Second, now that we’re in a non-election year, we’ll concentrate on defeating the Anti-Parks Caucus’s bad bills that attack our public lands and wildlife.
We’ve chosen two strategies to use to defeat bad legislation: (1) recruiting a group of volunteers and (2) fundraising to get the money to run more ads.
First, recruiting a group of volunteers. We’re hoping to gather a talented group of volunteers to help Defend Our Parks in 2019. You could be one of them!
Soon, you’ll see a new page on this website about how to volunteer and what you’ll be asked to do as a volunteer in 2019.
Second, fundraising to get the money to run more ads. We’re going to give away t-shirts with the Defend Our Parks logo and mission statement in return for a donation of $25 or more. Soon, you’ll see a new page on this website dedicated to the t-shirt campaign. Our ads bought with these donations will oppose bad bills introduced in Congress.
Our third goal will be to organize for the 2020 election. We hope to defeat Donald Trump if he is still in office in 2020. And we hope in 2020 to flip the Senate to a Democratic majority while holding onto the majority in the House. We’d like to have volunteers in every Western state to work toward our goals in the 2020 election.
There’s a lot of work to do to save our public lands and wildlife from destruction. Bills and executive orders from the President, from Congress, from the Department of Interior, from Fish and Wildlife Service, and from Governors and state legislatures are targeting wolves, bears, bison, coyotes, and furbearers like lynx, fox, and wolverine for death.
We must stop this!
We need your help. Please consider becoming a volunteer for Defend Our Parks. Consider making a donation and wearing our t-shirts when they become available soon.
Join us in working to save our public lands and wildlife!
The midterm elections of 2018 that we anticipated and dreaded for so many months have come and gone. There was more good news than the Resistance could hope for: 40 new seats for Progressives in the U.S. House of Representatives and a switch from Republican to Democratic control. In January 2019, the Democratic majority can begin to undo some of the worst actions of the Trump Administration, and stop the pile of anti-parks bills and amendments that were introduced in the House during the first two years.

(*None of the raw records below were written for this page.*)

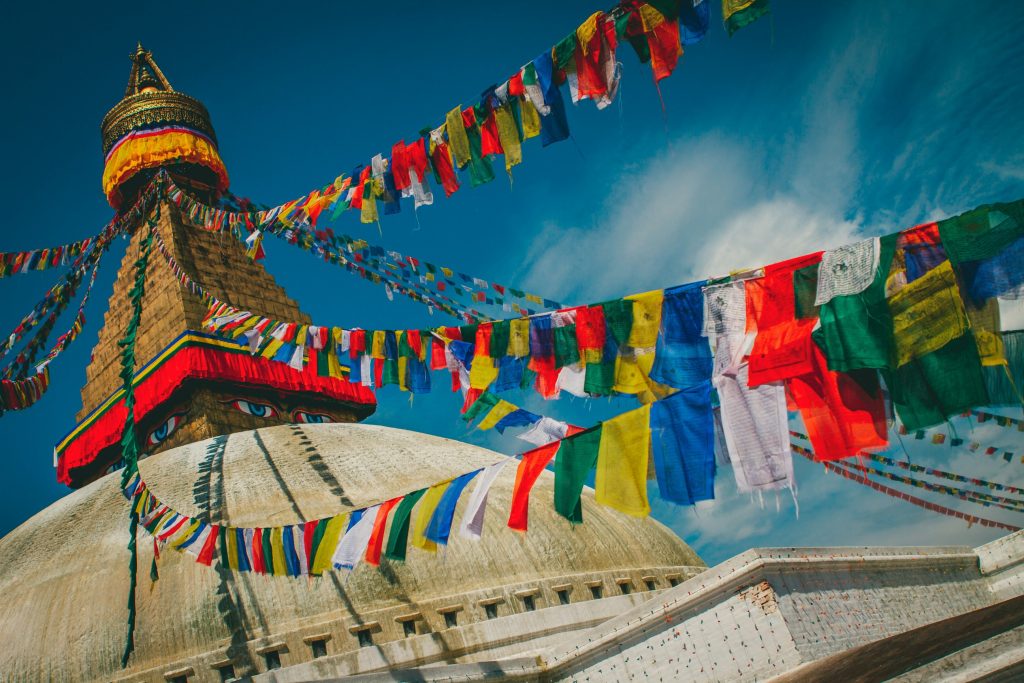 Massive white dome of Boudhanath Stupa in Kathmandu under a blue sky, draped with vibrant colorful Tibetan prayer flags.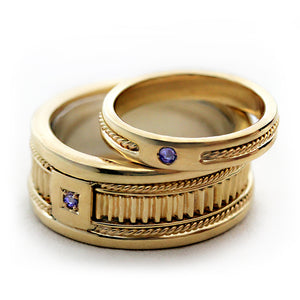 Elegant his and hers wedding ring set in yellow gold with handcrafted filigree engraving, fluted texture center band and purple sapphire gemstone detail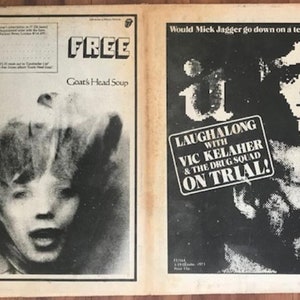 May include: A black and white magazine page with two advertisements. The top ad is for "Free" Goat's Head Soup. The bottom ad is for "Laughalong with Vic Kelahe & The Drug Squad on Trial!"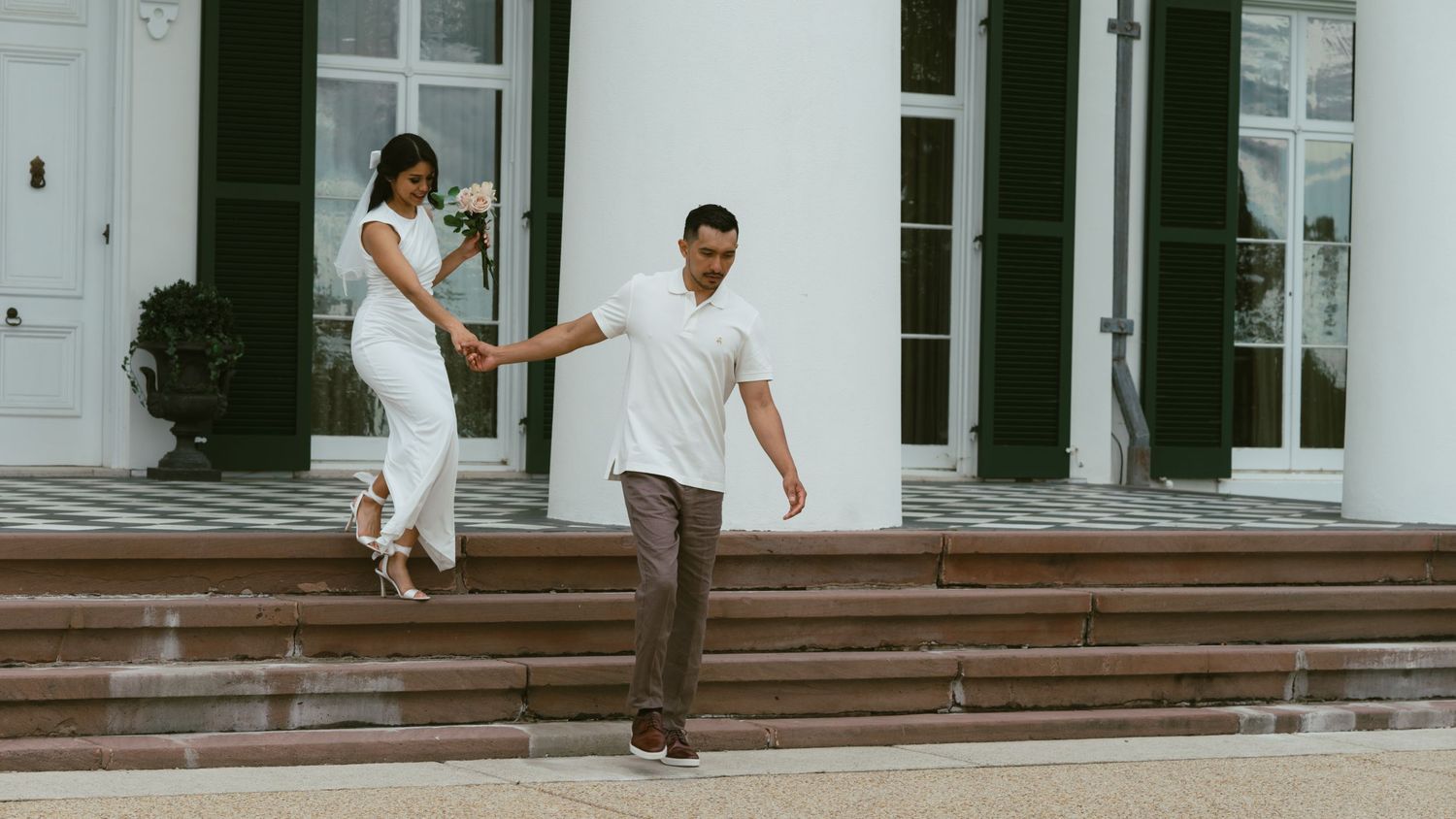 A couple descends white stairs outside a classic building in formal attire.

Many of the winners of Congressional races across the country were women and members of minority groups that have suffered under Republican domination. Two women who are Muslims, two women who are members of American Indian tribes, and two Latinas are among the new Representatives. Having the voices of groups that were missing from the House will be a good thing. We hope their voices will add to the voices of other environmentally conscious Representatives trying to stop the takeover of our public lands by industry and agriculture interests.
The election news was not all good for public lands. Eleven of the Anti-Parks Congresspeople were up for reelection or chose to run for different offices. Of those, seven won their contests. Rob Bishop (UT-1), Mark Amodei (NV-2), Liz Cheney (WY), Louie Gohmert (TX-1), Doug Lamalfa (CA-1), and Chris Stewart (UT-2) were reelected to the House. Another, Kevin Cramer (ND), gave up his House seat and ran for the U.S. Senate, defeating incumbent Democrat Heidi Heitcamp. One man, Raul Labrador (ID-1), was forced out by accusations of illegal activities. Another, Pete Sessions (TX-32) lost his bid for reelection. The final member of the group up for reelection, Steve Pearce (NM-2), gave up his House seat and ran for governor. He lost to a Democrat - a Latina.
Unfortunately, the U.S. Senate did not flip from Republican to Democratic. But it was close. As of Nov. 13, 2018, the Republicans hold 51 seats and the Democrats plus two Independents hold 47 seats. Two elections have not been decided and are headed for recounts. If they both go to Democrats, then the balance of power will remain unchanged: 51 to 49. If they split, it will be 52 to 48. If they both go to Republicans, it will be 53 to 47.